Offline seleniumlibrary installer

Using the command:
pip3 install robotframework-seleniumlibrary

The above command tries to connect to the internet, is it trying to download some dependencies for seleniumlibrary? What are all the dependencies required?

The host I am trying to install on has no network connections.

Hi Hiep,

That command will try to connect to pypi.org to download the files needed to install the seleniumlibrary library for robotframework, initially it will download these whl and tar.gz files and then if there are any dependancies it will try to download those as well.

Most pip packages come from pypi.org so it’s a host you probably want to allow if you are doing anything with python or robot framework.

Dave.

Hi Hiep,

I just saw you are trying to install Offline, I’ve never tried this, it could be quite challenging.

From this we can see the dependancies for robotframework-seleniumlibrary are:

I included links to those modules for you, but not sure if they also have dependancies?

But that’s only half the story, then you will need a browser and a web driver so selenium can “talk” to the browser, the web driver you need will depend on the browser you are planning to use.

Is there no way you can get a firewall rule to allow your test machines to at least access pypi.org? it will make your life much easier.

Hope that helps get you started.

I’ll try to help if you get stuck, just reply on this thread.

Dave.

It looks like the dependancies for robotframework-pythonlibcore are:
invoke >= 0.20
rellu >= 0.6
twine
wheel
ytest
pytest-cov
pytest-mockito
robotstatuschecker
flake8

and for selenium are:
“dependencies”: {
@apollo/client”: “^3.3.20”,
@material-ui/core”: “^4.11.4”,
@material-ui/icons”: “^4.11.2”,
@novnc/novnc”: “^1.2.0”,
@types/react”: “^17.0.11”,
@types/react-dom”: “^17.0.7”,
@types/react-modal”: “^3.12.0”,
@types/react-router-dom”: “^5.1.7”,
“clsx”: “^1.1.1”,
“graphql”: “^15.5.0”,
“graphql.macro”: “^1.4.2”,
“jszip”: “^3.5.0”,
“pretty-ms”: “^7.0.1”,
“react”: “^17.0.1”,
“react-dom”: “^17.0.1”,
“react-modal”: “^3.14.3”,
“react-router-dom”: “^5.2.0”,
“react-scripts”: “^4.0.3”,
“rimraf”: “^2.7.1”,
“source-map-explorer”: “^2.5.2”,
“tmp”: “^0.2.1”,
“ws”: “^7.4.6”
}

as you can see this could go on for quite a while as you find all the dependancies for the dependancies.

Dave.

thanks, I was about to post, what is the dependencies for pythonlibcore, because when I ran the install it tries to connect to the net.

I agree the list can become long.
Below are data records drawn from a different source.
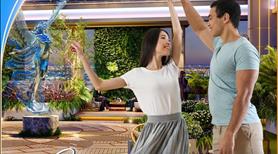 Căn Hộ Khải Hoàn Prime ven sông liền kề ngay khu Phú Mỹ Hưng - Ảnh 6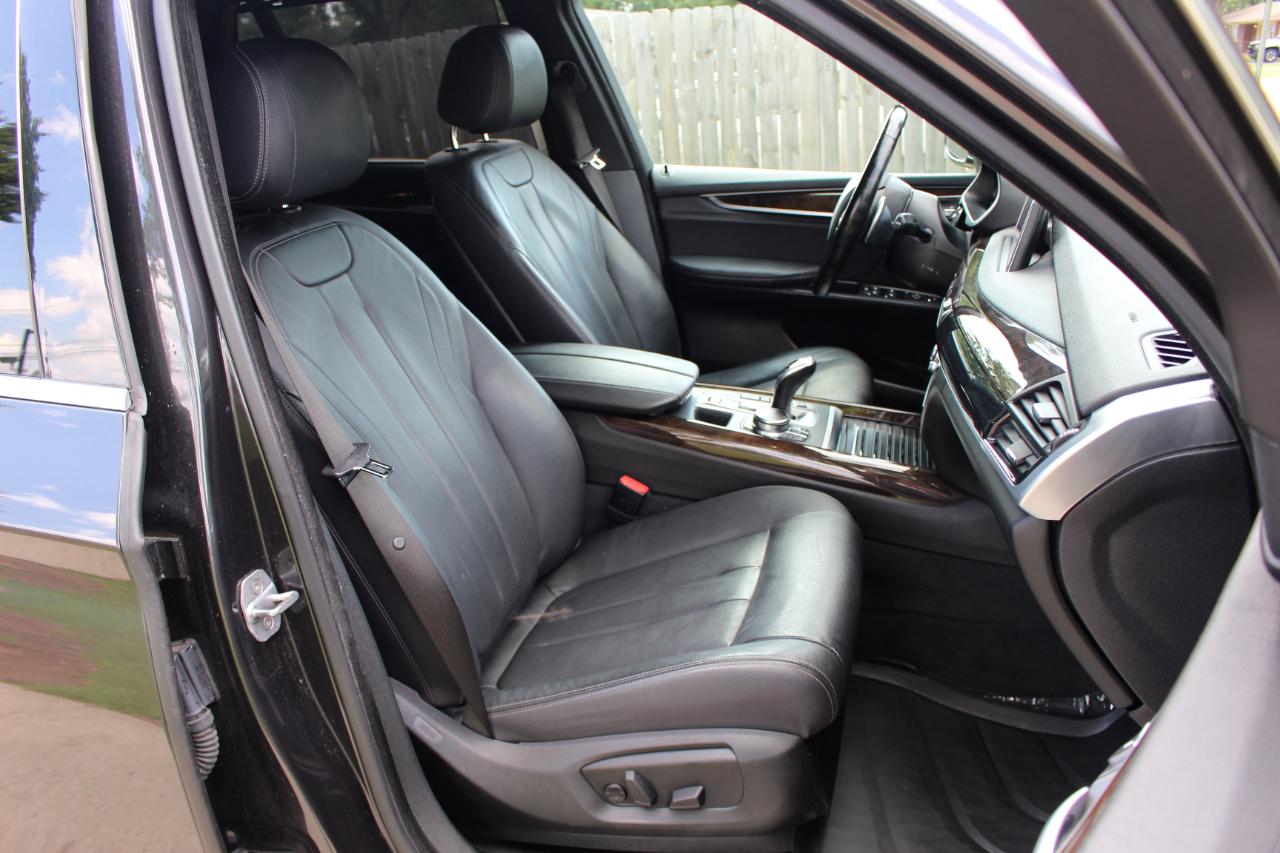 BMW X5 xDrive35i 2018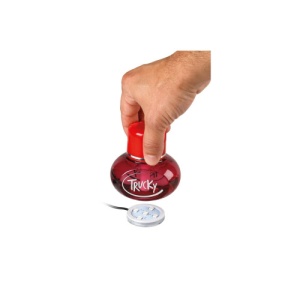 Aparat iluminat alb LED odorizant 24V Cod: 155647 - Img 1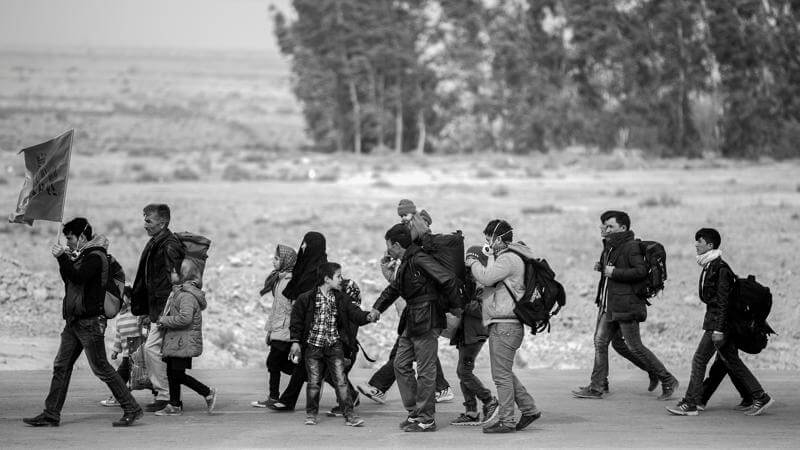 Trump Admin Has Abruptly Stopped Reuniting Immigrant Children with Their Families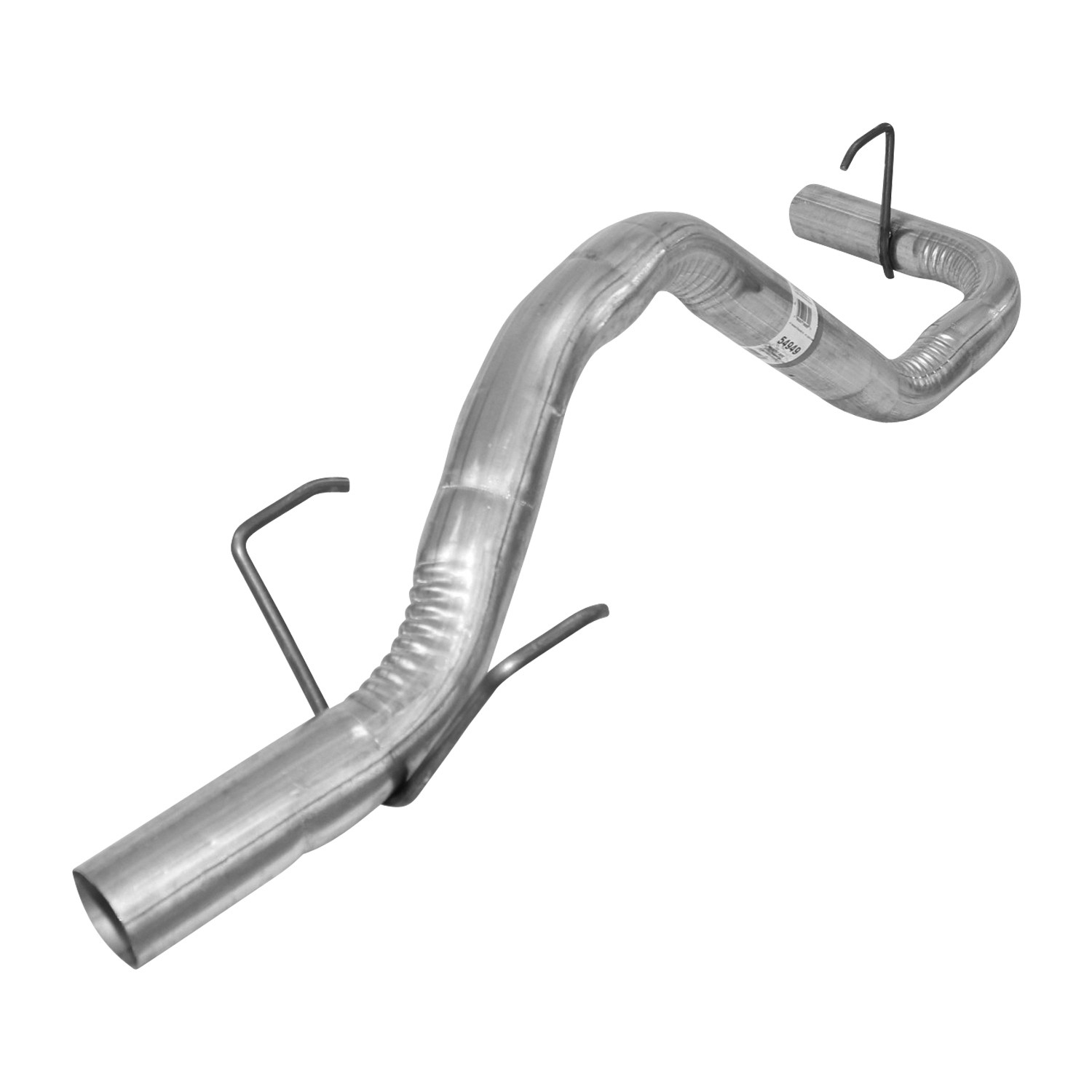 Exhaust Tail Pipe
I had the same issue when tried to install RIDE offline, but that dependency list isnt that extensive.

Basically you need to go to https://pypi.org/ for each module, find the module, go to it’s homepage (often a github link) and then find in the code the file that lists the dependencies.

That’s how I got these for you, unfortunately I don’t know of a better way to do offline installs of python packages.

What’s the reason you need to do the offline install? is there really no way your test machine can be networked?

Dave.

total offline install required.

The other thing to consider, is if you are going to need to install these things on multiple test machines in your environment?

There is an option for an alternate repository so you might want to set up a webserver in your test lab, and point pip to it, then just mirror pypi.org to your web server.

Not sure if that’s an option, but just trying to offer ideas to make life easier for you.

Dave.

Help much appreciated Dave. Network firewall preventing internet download so unfortunately have to install offline.
Installation only on a single machine for now

Ok, well good luck hope you get it working.

Dave.

Is there a way to save all the dependencies in a folder. Then get force the install to look into that folder.
When I try to install the dependencies individually I am running into the issue where the dependencies have a certain order.

" There is an option for an alternate repository so you might want to set up a webserver in your test lab, and point pip to it, then just mirror pypi.org to your web server."

So I have a pypi-proxy repository which contains all the dependencies, how do i force the installer to look at this pypi-proxy repo

It looks like the answer is in the “alternate repository” link

Hi Hiep,

Yeah, the alternate repository link was the option, I did find this python module pypi-mirror that may help in creating your offline mirror but i’ve never used it.

Another option, you can use a proxy server, but I didn’t suggest that because the proxy server would still need internet access and if your test environment is not allowed internet access then your network/security team would probably see a proxy server as an attempt to circumvent that.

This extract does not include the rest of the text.